Hi Maxim,
 Sorry for the late reply but I was away for a course. Lower the memtable_flush_after_mins for your low traffic CFs. If in the meantime you upgraded to 1.0 (which by the way 1.0.3 for me ended not working and me converting a lot of data to it) I think there was a discussion you sent me on the group. I never experiemented with the new commitlog setting in 1.0 but the datastax website http://www.datastax.com/docs/1.0/configuration/node_configuration#commitlog-total-space-in-mb says this:


When the commitlog size on a node exceeds this threshold, Cassandra will flush memtables to disk for the oldest commitlog segments, thus allowing those log segments to be removed. This reduces the amount of data to replay on startup, and prevents infrequently-updated column families from keeping commit log segments around indefinitely. This replaces the per-column family storage setting memtable_flush_after_mins.


Tell me if it worked ,

On Wed, Dec 14, 2011 at 5:33 PM, Maxim Potekhin <potekhin@bnl.gov> wrote:
Alexandru, Jeremiah --

what setting needs to be tweaked, and what's the recommended value?

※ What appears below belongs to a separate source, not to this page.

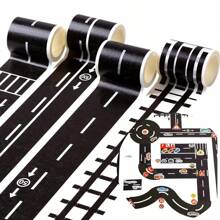 10pcs Reusable Cartoon Race Track Stickers, Black Polyurethane Race Track Tapes, Suitable For Party Car Decoration, Pre-Pasted Glitter Effect, Car Themed Birthday Party Racing Game Party Supplies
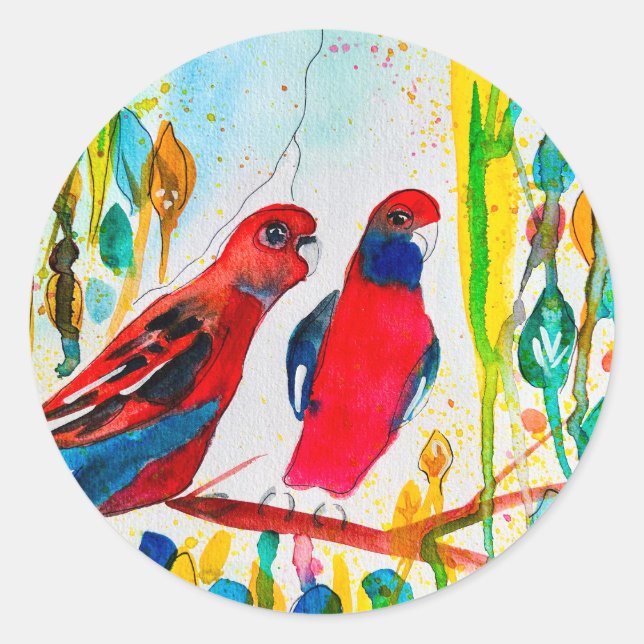 Sticker Rond Oiseaux de Rosella dans l'art de l'aquarelle des a (Devant)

I observed similar behavior this morning.


On 11/28/2011 2:53 PM, Jeremiah Jordan wrote:
Yes, the low volume memtables are causing the problem.  Lower the thresholds for those tables if you don't want the commit logs to go crazy.


On 11/28/2011 11:11 AM, Alexandru Dan Sicoe wrote:
Hello everyone,

4 node Cassandra 0.8.5 cluster with RF=2, replica placement strategy = SimpleStartegy, write consistency level = ANY, memtable_flush_after_mins =1440; memtable_operations_in_millions=0.1; memtable_throughput_in_mb = 40; max_compaction_threshold =32; min_compaction_threshold =4;

I have one keyspace with 1 CF for all the data and 3 other small CFs for metadata. I am using Datastax OpsCenter to monitor my cluster so there is another keyspace for monitoring.

Everything works ok, the only thing I've noticed is this morning the commitlog of one node was 52GB, one was 25 GB and the others were around 3 GB. I left everything untouched and looked a couple of hours later and the 52GB one is now about 3GB and the 25 GB one is now 29 GB and the other two about the same as before.

Are my commit logs growing because of small memtables which don't get flushed because they don't reach the operations and throughput limits? Then why do only some nodes exhibit this behaviour?

It would be interesting to understand how to control the size of the commitlog also to know how to size my commitlog disks!


Alexandru Dan Sicoe
MEng, CERN Marie Curie ACEOLE Fellow